Okay, maybe our garbage dumps aren’t going to start obscuring our skyscrapers any time soon, but one of the world’s biggest landfill sites in the USA is Puente Hills, which had been taking rubbish from all over Los Angeles for 50 years.

While it stopped taking garbage in 2013, it rose to 150m tall – the same height as the three tallest Canadian towers.

But landfills don’t just go up vertically, they also sprawl out horizontally. Even Puente Hills’ 700-acre site looks relatively small compared to the 2,200 acres (8.9 million square meters) Apex Regional dump in Las Vegas, Nevada – estimated to be the world’s biggest landfill.

To put that into perspective, that’s about 5,632 ice hockey rinks or more than two of Vancouver’s Stanley Park.

Why are landfills bad?

In India, the country’s biggest landfill will rise to be bigger than the Taj Mahal in 2020. The country’s Supreme Court even said lights will need to be put on top of the pile to warn aircraft that are approaching it.

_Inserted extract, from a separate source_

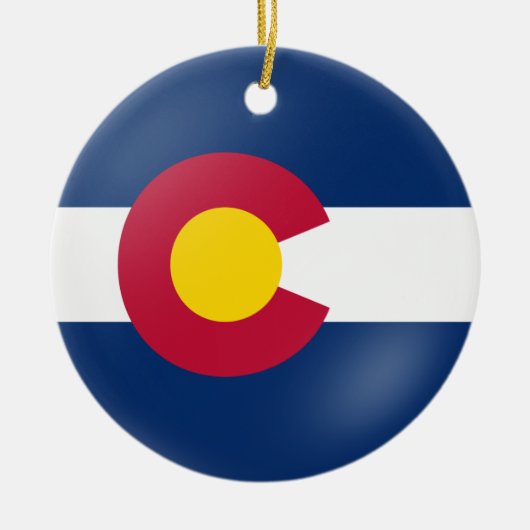 Colorado Flair Keramisch Ornament (Voorkant)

The Ghazipur Landfill officially reached capacity in 2002, but it still continues to grow and pollute New Delhi.

Birds and rats mix with poverty-stricken waste pickers, while fires break out because of the methane gas. Even people living a few miles away from the landfill suffer from respiratory problems.

This is an example of what can happen if waste material keeps accumulating and we don’t recycle it.

Landfills can pollute the nearby water tables, attract disease and the waste will never decompose, contaminating the environment forever.

Exporting waste

Landfills don’t just affect the environment and people in the country where the recyclable waste is produced.

Research by Greenpeace found a dump in Malaysia that had garbage from 19 different countries, including the USA, U.K., Japan, Spain and Australia.

It found that between January and July 2018, the country imported waste equivalent to the weight of 100,000 elephants.

Despite many countries banning the practice, garbage from wealthy nations regularly finds its way into developing ones.

Where are Canada’s landfills?

Residents raised a toast in 2002, when the country’s biggest landfill in Keele Valley, north of Toronto, closed.

While that was good news for those living nearby, the bad news for Canadians is that there are still 2,400 active landfills in the country.

Moves are being made to address this with organizations such as Zero Waste Canada, which is educating people on reducing wastefulness and calling for the closure of landfills and incinerators.

Most people would like to avoid sending waste to one of Canada’s many landfills or potentially to a dump in Malaysia, China or another developing country.